Stored items:
════════

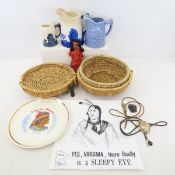 Sleepy Eye Plate, Pitcher, Basket & Bolo Ties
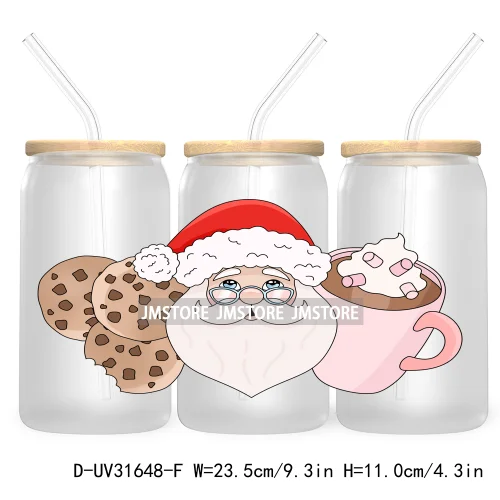 Tis The Season Christmas Tree Santa Coquette Cow 16OZ UV Cup Wrap DTF Transfer Sticker For Libbey Glass Can Cup Tumbler New Year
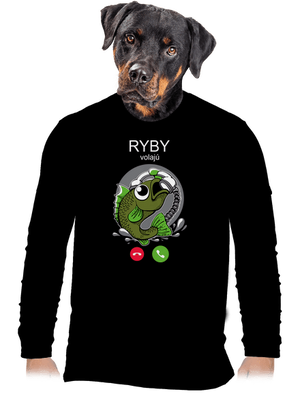 Ryby volají pánske dlhý rukáv Black
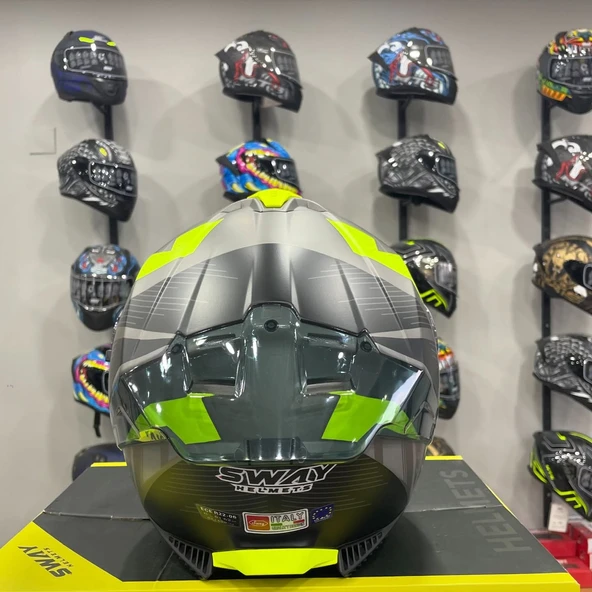 SWAY SW 865 ST Titanium Yellow Kask Full Face - 4
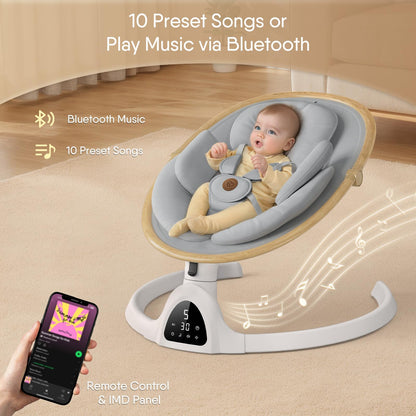Baby Swings for Infants, Fasonbaby Bluetooth Infant Swing with Music Speaker with 3 Seat Positions, 5 Speeds and Remote Control - Portable Baby Swing for Indoor and Outdoor (Black)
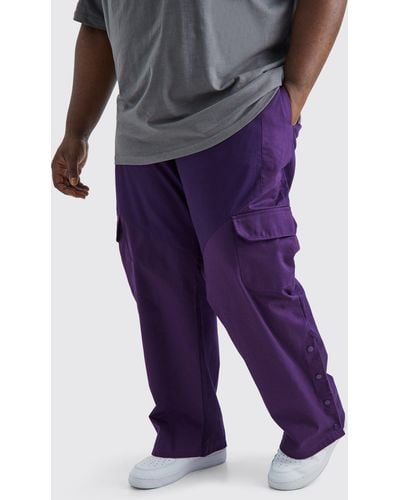 BoohooMAN Plus Slim Fit Color Block Cargo Trouser With Woven Tab - Purple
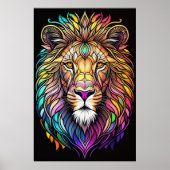 Waterverf Glas in lood Stijl Leeuw 2:3 Poster (Voorkant)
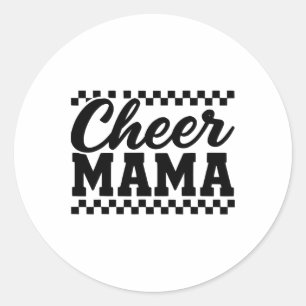 Checkered Cheer Cheerleading For Cheerleader Mom M Classic Round Sticker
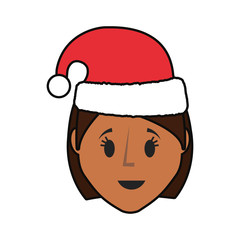 cartoon woman with christmas hat icon over white background vector illustration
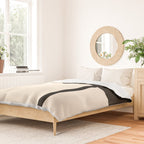 Fusion - Minimalist Geometric in Black and Almond Cream Duvet Cover Gallery Image 2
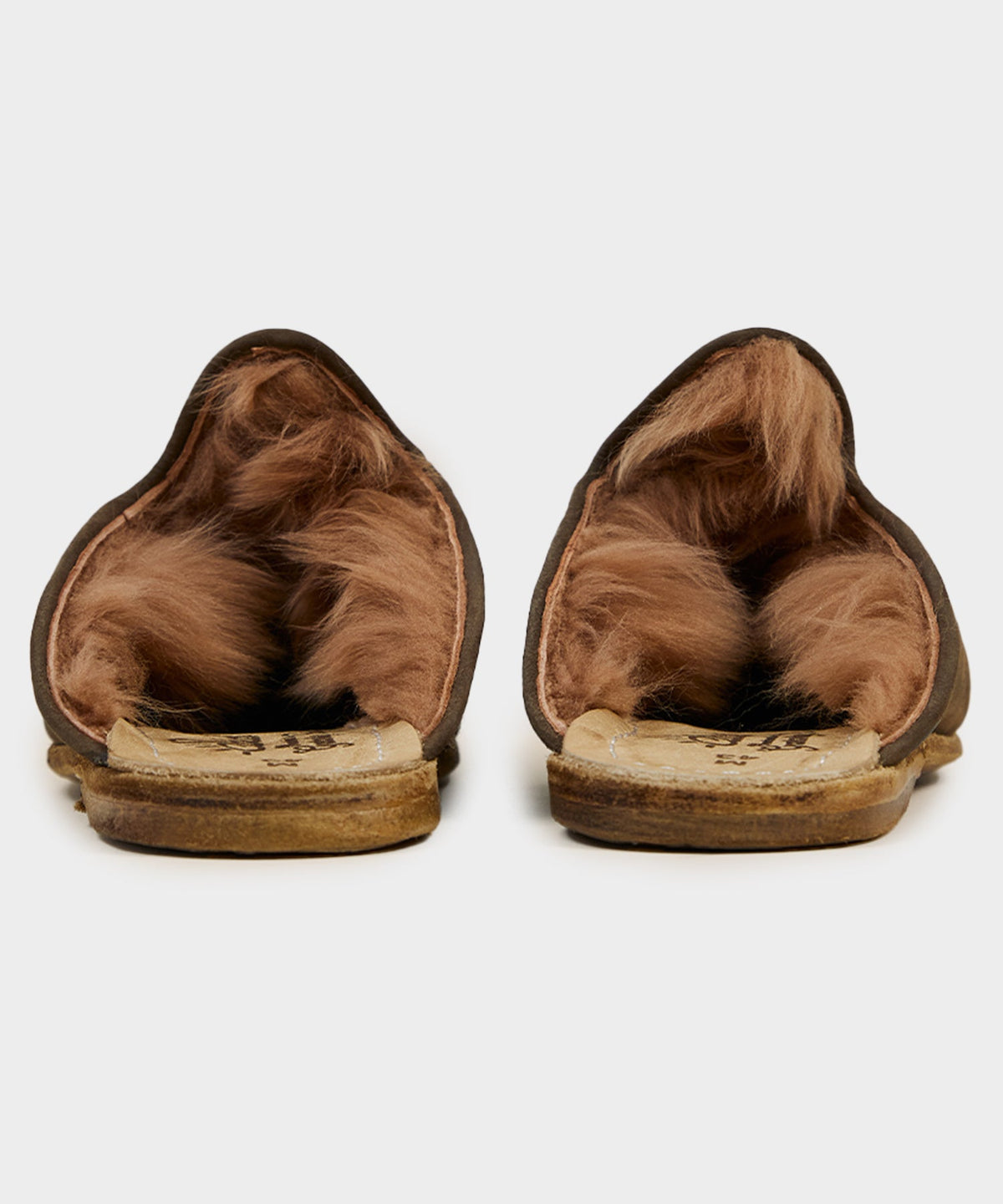 Todd Snyder Sabah Baba Suede Shearling Slide - Olive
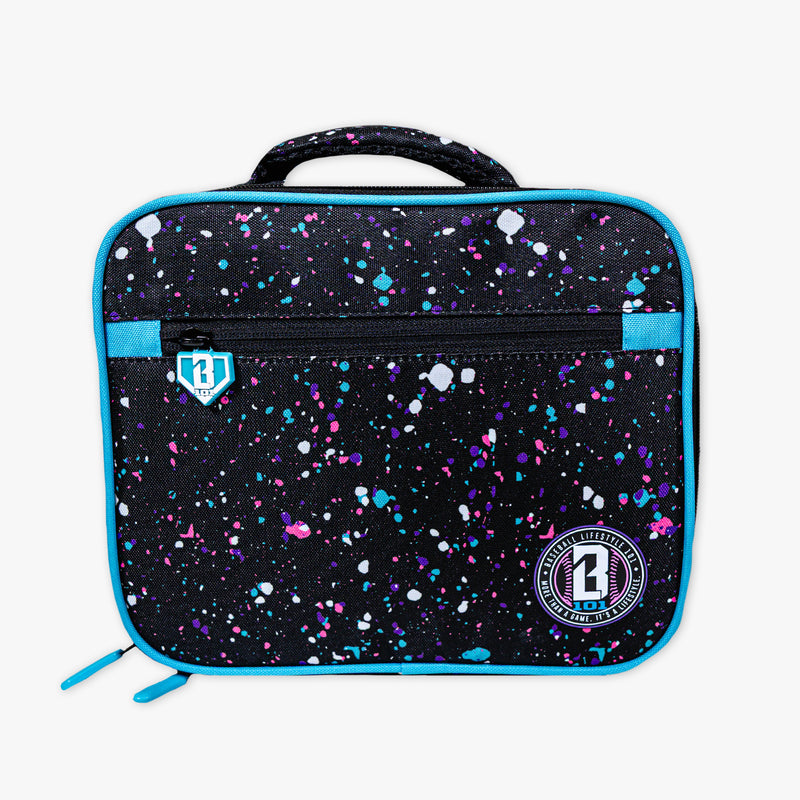 Insulated lunch bag with colorful splatter design and brand logo on a white background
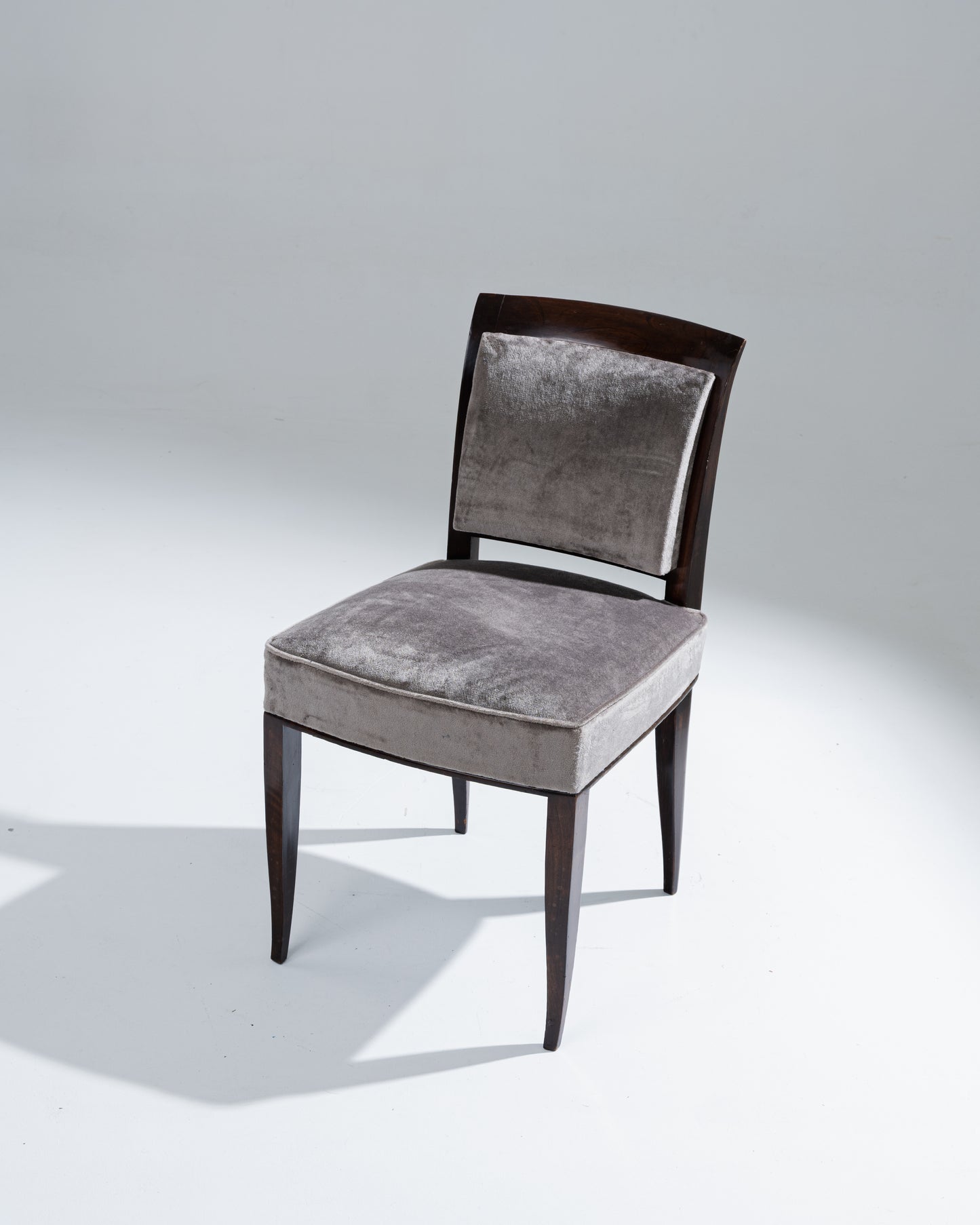 CHAISE EN VELOUR ET BOIS, ALFRED PORTENEUVE, 1940s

════════

**Problem:** Copy out all the data without changing anything, and drop the pictures.

**Written answer:**
 Sleepy Eye Plate, Pitcher, Basket & Bolo Ties
 Tis The Season Christmas Tree Santa Coquette Cow 16OZ UV Cup Wrap DTF Transfer Sticker For Libbey Glass Can Cup Tumbler New Year
 Ryby volají pánske dlhý rukáv Black
 SWAY SW 865 ST Titanium Yellow Kask Full Face - 4
Baby Swings for Infants, Fasonbaby Bluetooth Infant Swing with Music Speaker with 3 Seat Positions, 5 Speeds and Remote Control - Portable Baby Swing for Indoor and Outdoor (Black)
 BoohooMAN Plus Slim Fit Color Block Cargo Trouser With Woven Tab - Purple
 Waterverf Glas in lood Stijl Leeuw 2:3 Poster (Voorkant)
 Checkered Cheer Cheerleading For Cheerleader Mom M Classic Round Sticker
 cartoon woman with christmas hat icon over white background vector illustration
 Fusion - Minimalist Geometric in Black and Almond Cream Duvet Cover Gallery Image 2
 Todd Snyder Sabah Baba Suede Shearling Slide - Olive
 Insulated lunch bag with colorful splatter design and brand logo on a white background
 CHAISE EN VELOUR ET BOIS, ALFRED PORTENEUVE, 1940s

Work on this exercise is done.